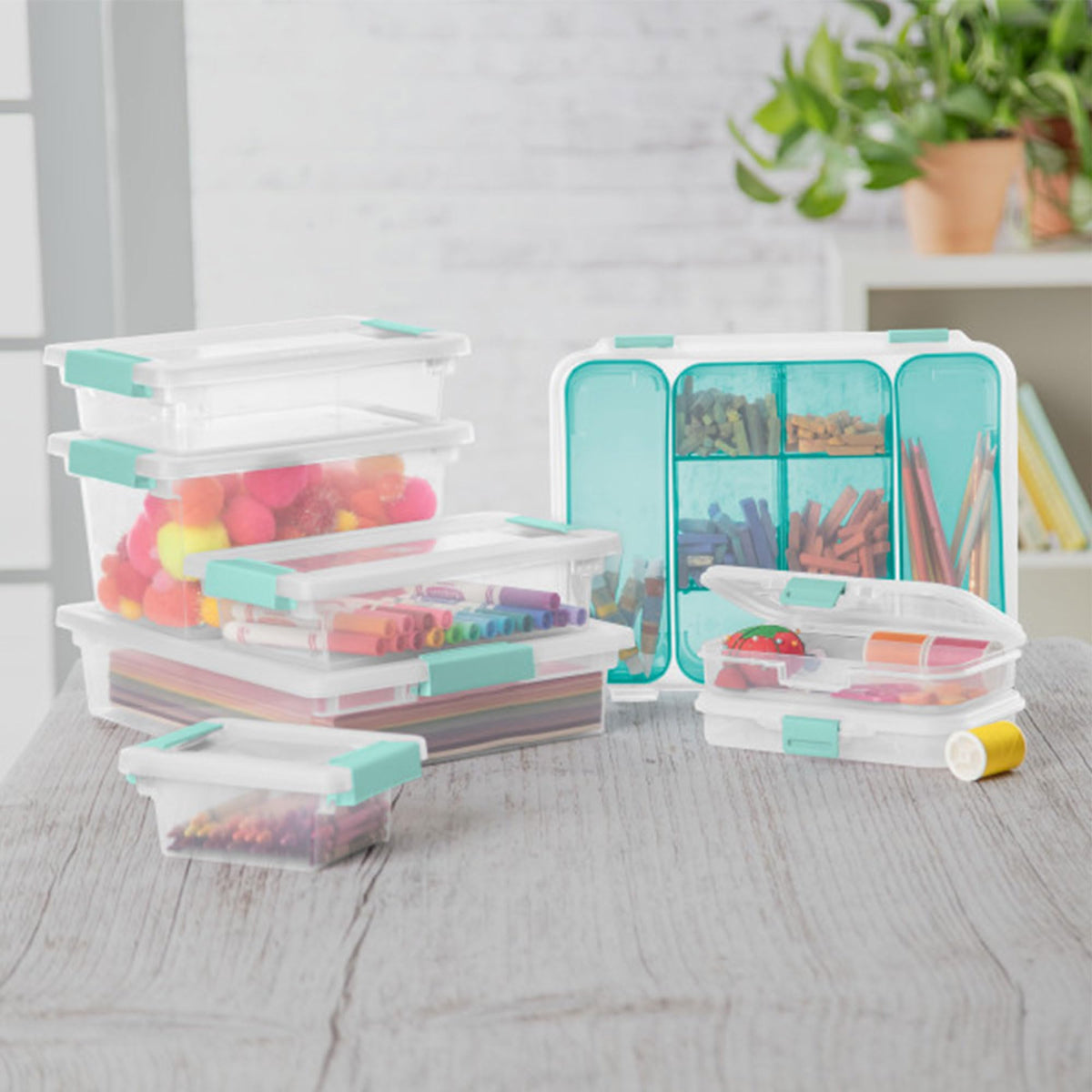 Sterilite Small Clip Box, Stackable Small Storage Bin with Latching Lid, Plastic Container to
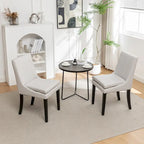 Lot de 2 chaises de salle à manger modernes, chaises de cuisine et de salle à manger rembourrées avec pieds en bois massif, chaises en tissu de lin capitonné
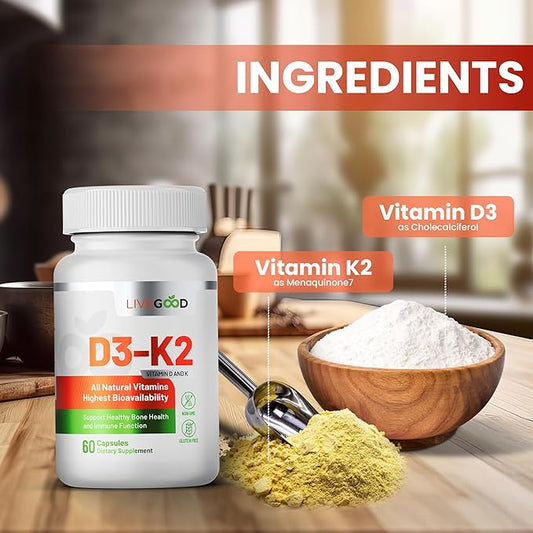 LIVEGOOD™ Vitamin D3 + K2 All 60 Capsules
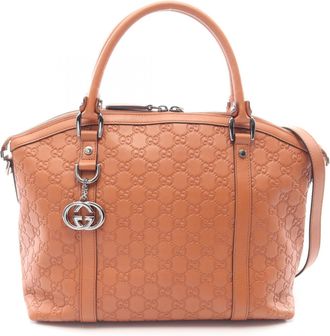 Gucci Brown Leather Handbag Tote Bag (Pre-Owned)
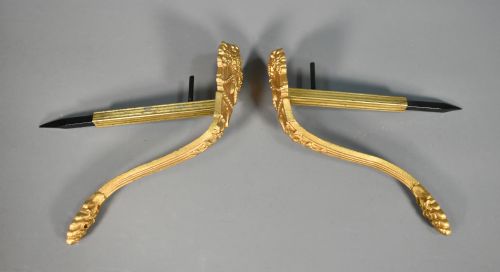PAIR FRENCH BRONZE CURTAIN TIEBACKS LOUIS XVI STYLE - ADDITIONAL PHOTO 4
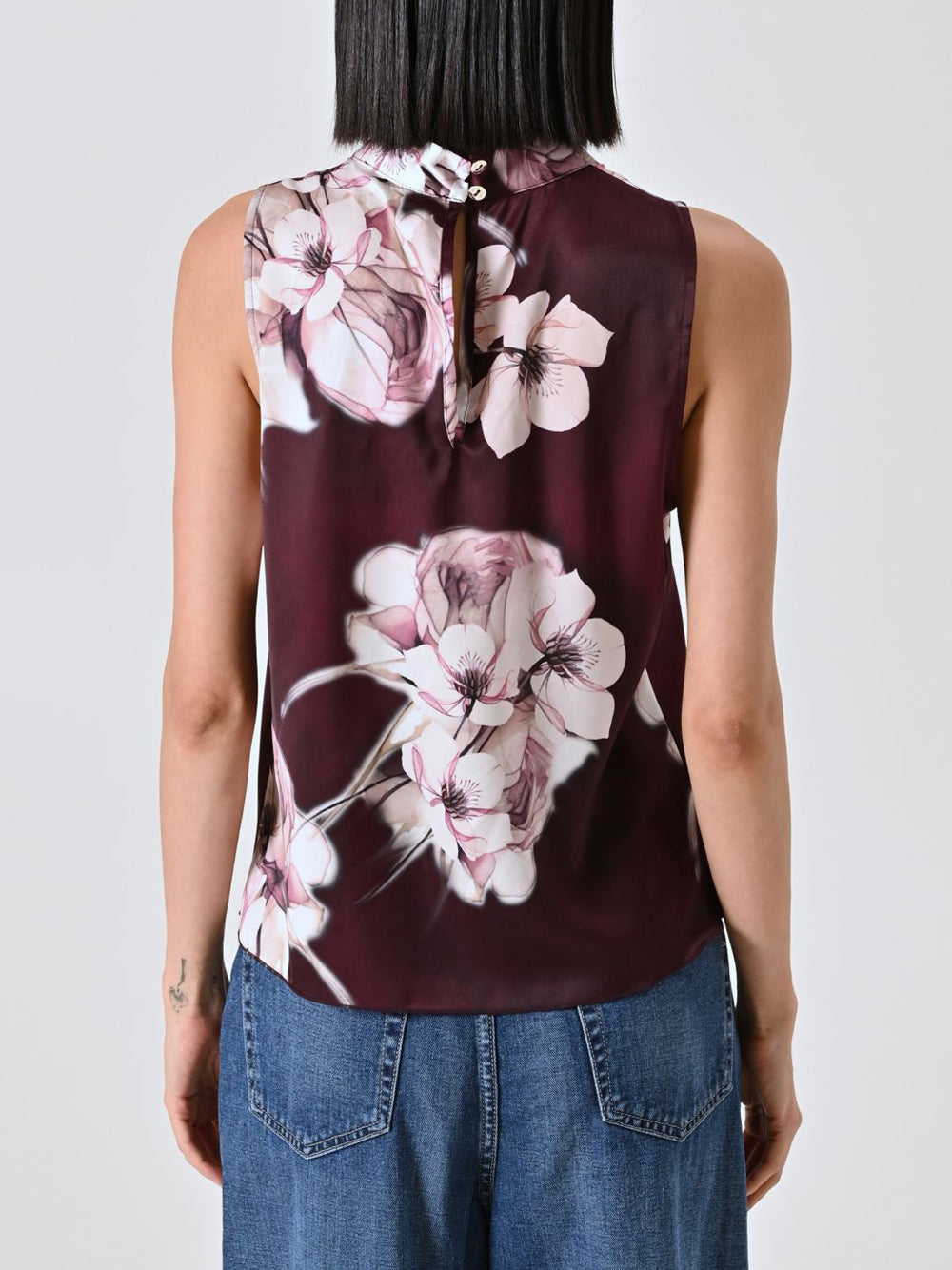 Rinascimento Top con stampa floreale sfiancata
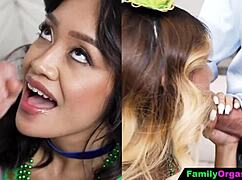 Familyorgasm: sharing the daughters brings good luck in foursome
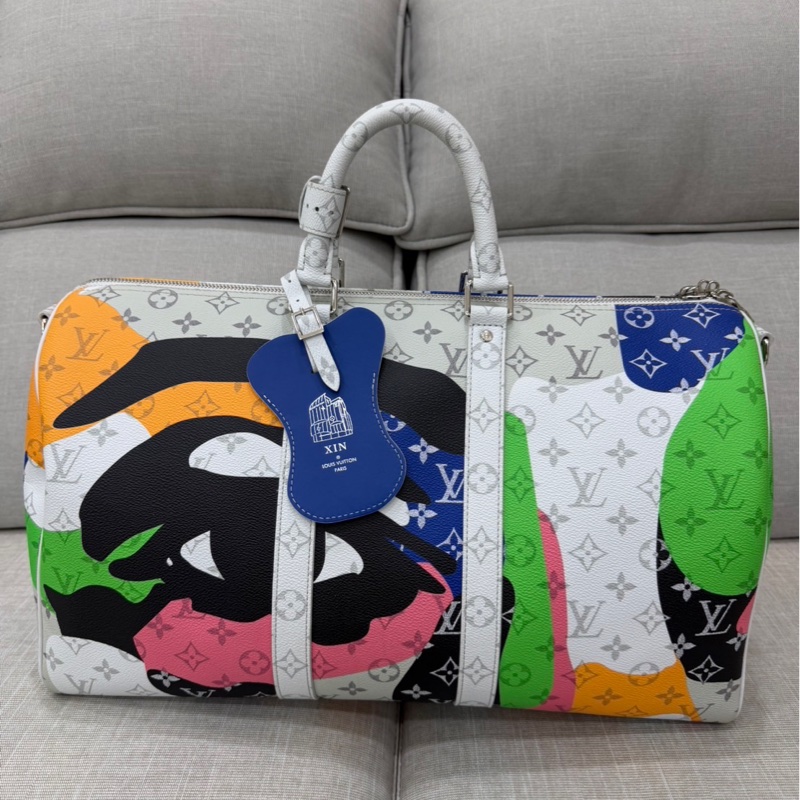 LV 白花 眼睛系列旅行袋#45公分#晶片款#限量版#-8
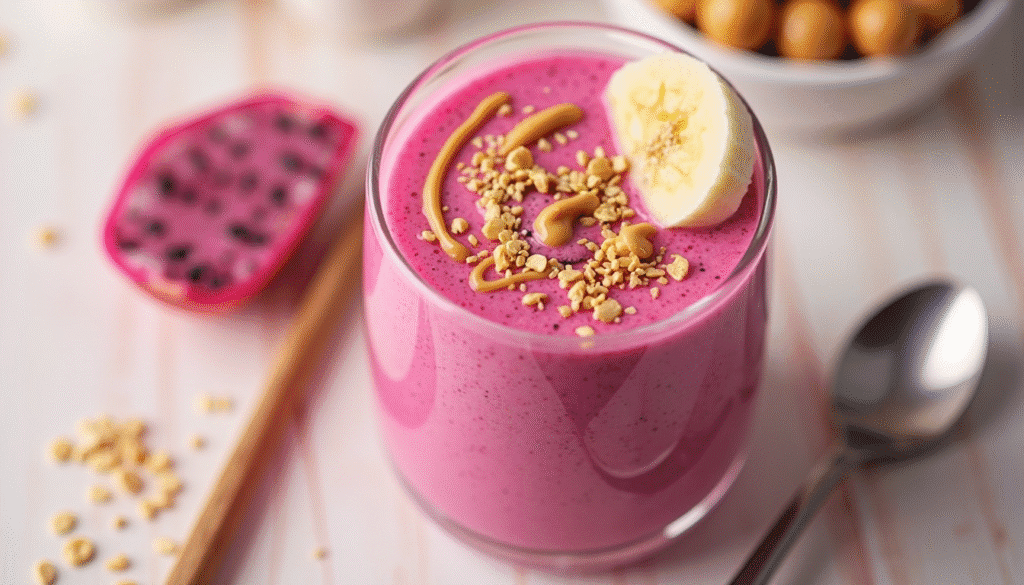 Smoothie with Dragon Fruit and Peanut Butter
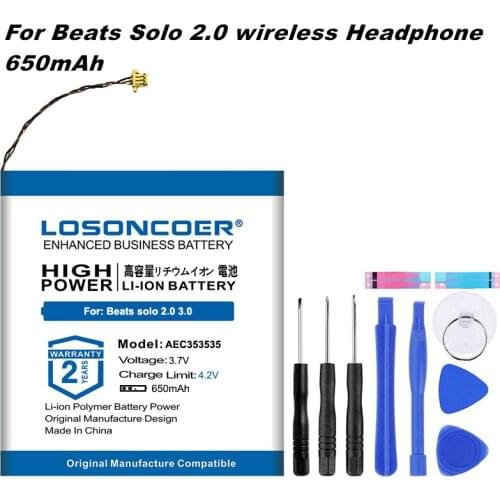 LOSONCOER 650mah AEC353535 Battery For Beats Solo 3 for Beats Solo 2 Solo2 Solo3 Bluetooth Headphone Batteries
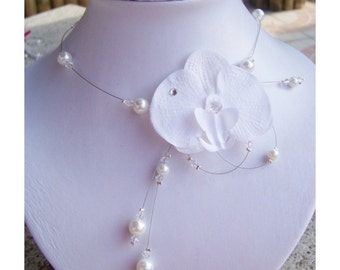 Matrimonio, collana orchidea per la sposa, orchidea bianca di raso - gioielli per il matrimonio, Collier Perle vetro perline cristallo set,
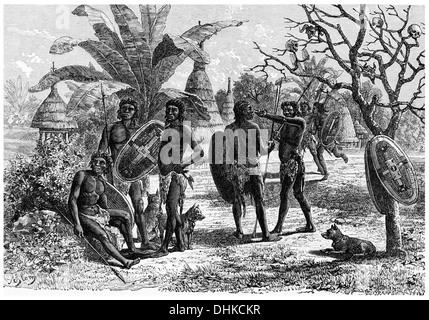 1888 Gruppe von Niam Niams und ihre Behausungen Französisch-Kongo Stockfoto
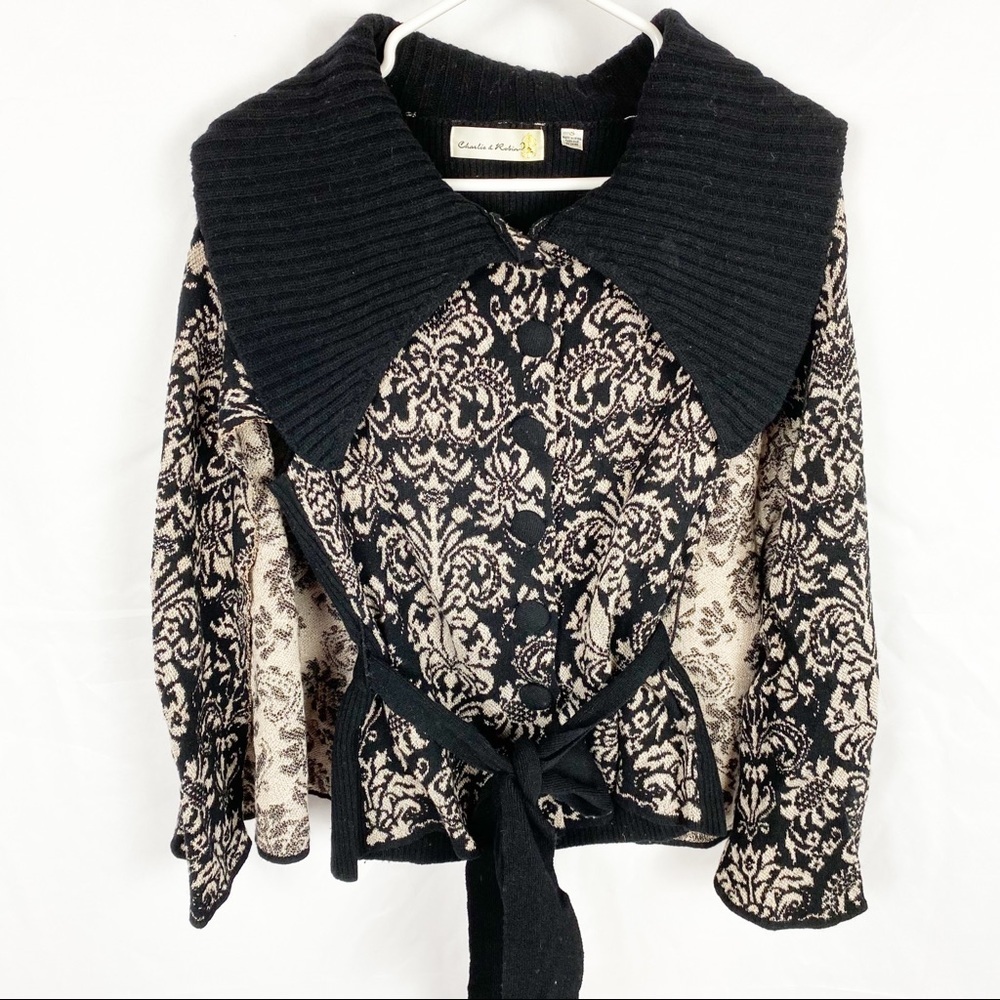 ANTHROPOLOGIE Black & Gold Brocade Print Sweater - Picture 1 of 6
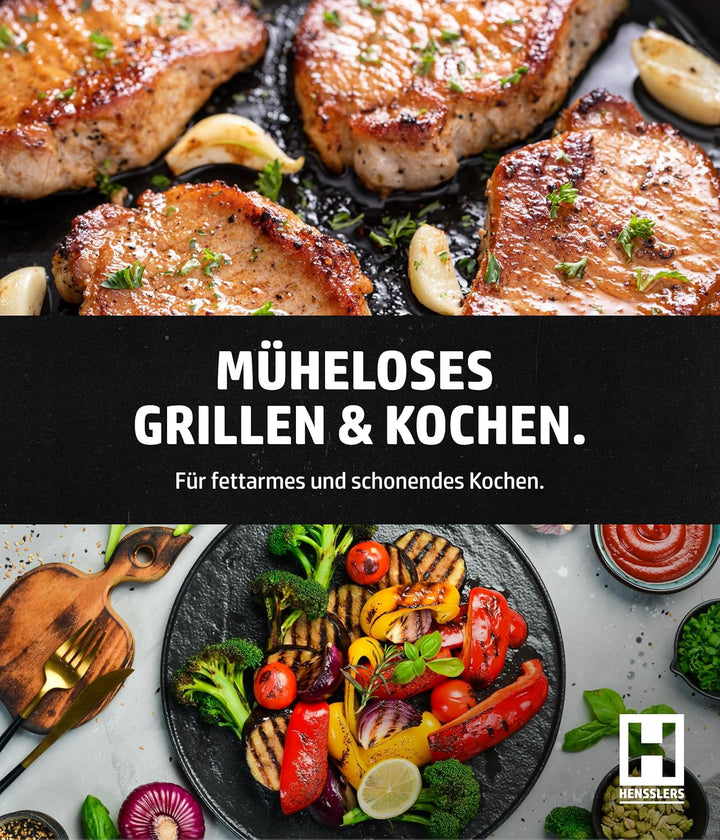 HENSSLERS® Wokpfanne 30cm [EDELSTAHL &amp; ALUMINIUM] - Hochwertige Wok Pfanne geeignet für alle Herdart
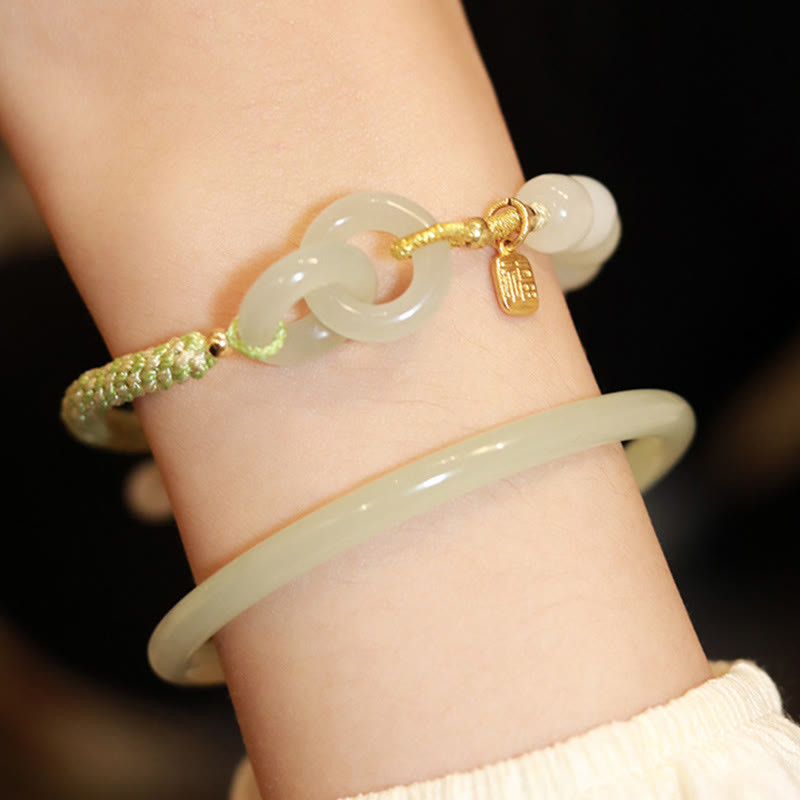 Fortune Jewel Natural Hetian Jade Bead Double Peace Buckle Fu Character Abundance Braided Bracelet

(Your instructions): Go back to the listing above and write out the lines starting at the one with "Familyorgasm: sharing the" and ending at the one with "LOSONCOER 650mah AEC353535", inclusive, exactly and without pictures.

(Solution for this task):
 Familyorgasm: sharing the daughters brings good luck in foursome
 LV 白花 眼睛系列旅行袋#45公分#晶片款#限量版#-8
 Smoothie with Dragon Fruit and Peanut Butter
 LOSONCOER 650mah AEC353535 Battery For Beats Solo 3 for Beats Solo 2 Solo2 Solo3 Bluetooth Headphone Batteries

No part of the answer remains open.